The Fair Trade Campaign at ASU is a grassroots movement committed to increasing the availability of fair trade certified products on campus through a partnership with Sun Devil Dining and Aramark. 

Read More: ASU commits to being the largest fair trade-designated university in the U.S.

“I think students are the way forward for this, especially because it's teaching students that conscious consumerism really does matter and you can have an effect,” Simari said. “You can vote with your dollars and create change in this small way, and hopefully a lot of people take this idea and run with it in their lives beyond college.”

Galina Mihaleva, a visiting fashion professor at ASU, incorporates sustainable design into her teaching through a class project where her students use jeans from Goodwill and their own closet to create multifunctional dresses in order to introduce them to the advantages of sustainable design.

“We need to teach them to be responsible, so to rethink before they even start to design,” Mihaleva said. “They need to think about the circle cycle — from where they get the material and what’s happening, to the garment and where the garment will end (up)."

Students are encouraged to use the hashtags #azecofw and #whomademyclothes during the week to participate in the sustainable fashion conversation and to be featured on the Arizona Eco Fashion Week website. 

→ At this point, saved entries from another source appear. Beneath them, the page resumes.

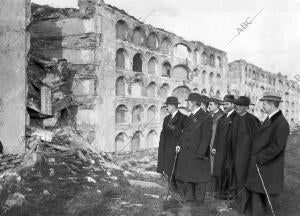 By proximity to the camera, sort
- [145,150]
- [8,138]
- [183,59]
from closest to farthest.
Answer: [8,138], [145,150], [183,59]

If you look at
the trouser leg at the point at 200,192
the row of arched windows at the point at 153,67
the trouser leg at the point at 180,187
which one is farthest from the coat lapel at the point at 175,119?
the row of arched windows at the point at 153,67

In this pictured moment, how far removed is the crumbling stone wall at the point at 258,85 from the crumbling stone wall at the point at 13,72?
43.7ft

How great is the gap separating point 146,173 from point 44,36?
5.94 m

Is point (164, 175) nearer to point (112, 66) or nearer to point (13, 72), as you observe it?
point (13, 72)

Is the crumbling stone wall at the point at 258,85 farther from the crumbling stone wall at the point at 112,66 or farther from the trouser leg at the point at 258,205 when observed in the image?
the trouser leg at the point at 258,205

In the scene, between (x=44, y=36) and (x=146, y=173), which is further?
(x=44, y=36)

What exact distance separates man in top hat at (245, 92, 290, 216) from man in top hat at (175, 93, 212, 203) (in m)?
0.88

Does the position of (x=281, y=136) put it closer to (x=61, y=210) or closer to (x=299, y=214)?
(x=299, y=214)

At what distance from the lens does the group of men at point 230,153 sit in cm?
505

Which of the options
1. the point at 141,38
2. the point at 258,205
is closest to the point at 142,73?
the point at 141,38

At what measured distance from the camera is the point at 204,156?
5.88 meters

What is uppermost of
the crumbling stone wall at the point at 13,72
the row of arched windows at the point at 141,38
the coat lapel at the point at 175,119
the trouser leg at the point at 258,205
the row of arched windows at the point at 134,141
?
the row of arched windows at the point at 141,38

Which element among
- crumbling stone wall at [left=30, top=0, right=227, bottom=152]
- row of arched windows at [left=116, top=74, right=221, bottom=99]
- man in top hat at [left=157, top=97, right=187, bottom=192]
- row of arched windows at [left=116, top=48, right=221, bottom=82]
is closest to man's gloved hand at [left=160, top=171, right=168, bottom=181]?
man in top hat at [left=157, top=97, right=187, bottom=192]

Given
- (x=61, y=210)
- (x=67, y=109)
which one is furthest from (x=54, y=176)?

Simari said responsible fashion goes beyond ecological impact, and she hopes that people will consider that individual purchases can affect every aspect of the fashion production process.

“It's about social justice for child laborers, for the gender wage gap, for women empowerment in developing countries whose societies kind of typically oppressed them,” Simari said. “It’s about sustainability economically and sustainability environmentally."

Although the Fair Trade Campaign at ASU focuses on food, Simari said that clothing is becoming a large part of the fair trade movement.

"There's so much going on with fair trade and there are so many different ways you could play it up and it's amazing to see how many people come together just from this one policy, this one movement," she said.